About five years ago, I made the suggestion that Mensa would best serve humanity by dedicating itself to internal political reform for an initial period of about five years [International Journal, Mar. '95, p. 1]. That is, Mensa can both do well for itself and for the larger world by acting as an experimental microcosm. Now it's time to get down to specifics.
The Open Society.
Mensa purports to be an open society (to use Sir Karl R. Popper's phrase, more meaningful than democracy). The touchstone of such a society is that it operates for the benefit of its citizens, not for its elites or governors. The fact that the principal activities sponsored by Mensa are of a social nature (and, no doubt, always will be) does not diminish the attractiveness and importance of Mensa's round table ideology. Yet historically, Mensa has fallen far short [see political note] of embodying such ideals.

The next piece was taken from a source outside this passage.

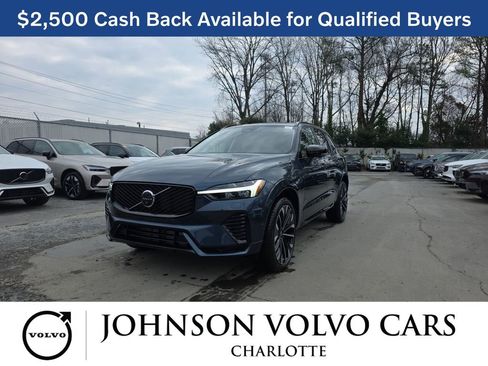 New 2026 Volvo XC60 T8 Ultra w/ Protection Package Premier image 1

Three critical problems in open societies are: How does the group select its governors and functionaries? How does the society choose between alternative policies and procedures? How does the society create a political structure that promotes in reality the ideals of openness? The usual method is voting in elections and referenda. Yet the popular cynicism about such political processes, the belief that sub rosa games make a mockery of the formal rules, testifies to the demoralization of politics. Can we revise the formal rules in a way that will diminish this cynicism, not merely in perception but in reality?
The Objective Problem.
It is important to understand that there is an objective basis, quite apart from corruption, for the failure of election procedures to produce results that people find acceptable. Some 40 years ago, Kenneth J. Arrow (since become a Nobel laureate) published an article in Economica outlining the impossibility of creating a voting system that will satisfy reasonable notions of fairness for all conditions of choice. Arrow elaborated his work in Social Choice and Individual Values, Wiley, 1963, and an article by Blair and Pollak in Scientific American, Aug. '83 provides a concise, if highly mathematical, summary.

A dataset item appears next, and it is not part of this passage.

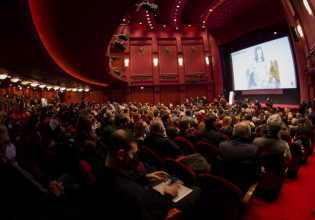 Σε συγκινητικό κλίμα η απονομή βραβείων του 24ου Φεστιβάλ Ντοκιμαντέρ Θεσσαλονίκης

The kind of anomaly that inspires cynicism can be illustrated by three examples. Some election procedures are the equivalent of running separate races between pairs of candidates. In some real cases, the context of the choices leads to logically inconsistent results. In pairwise elections, A may be preferred to B, B preferred to C, but C preferred to A! What then? In serial elections with runoffs (American Mensa's procedure is a variant of this) you can get a three-way situation in which there is unstable polarization. If candidates A and C are on opposite poles of the political spectrum (extremists with large followings) and candidate B is a moderate who is everyone's second choice and a good compromise, B will be defeated on the first round and one of the extremists will win. What a way to choose! Or, consider proportional representation, benignly intended to provide an effective voice for minorities. Under conventional majoritarian rules, parties (or individuals) have to form coalitions and enforce voting discipline regardless of the merits of particular issues. Thus, single-issue parties may find themselves at the fulcrum of the power balance and be able to force legislation not favored by the community. Ironically, it was under such well-intended rules of the Weimar Republic that the Nazis achieved power in 1933 and, under similar rules, a small orthodox minority wields disproportionate power in the Israeli government. Yet it would be offensive to deprive minorities of a proportionate effect on public policies.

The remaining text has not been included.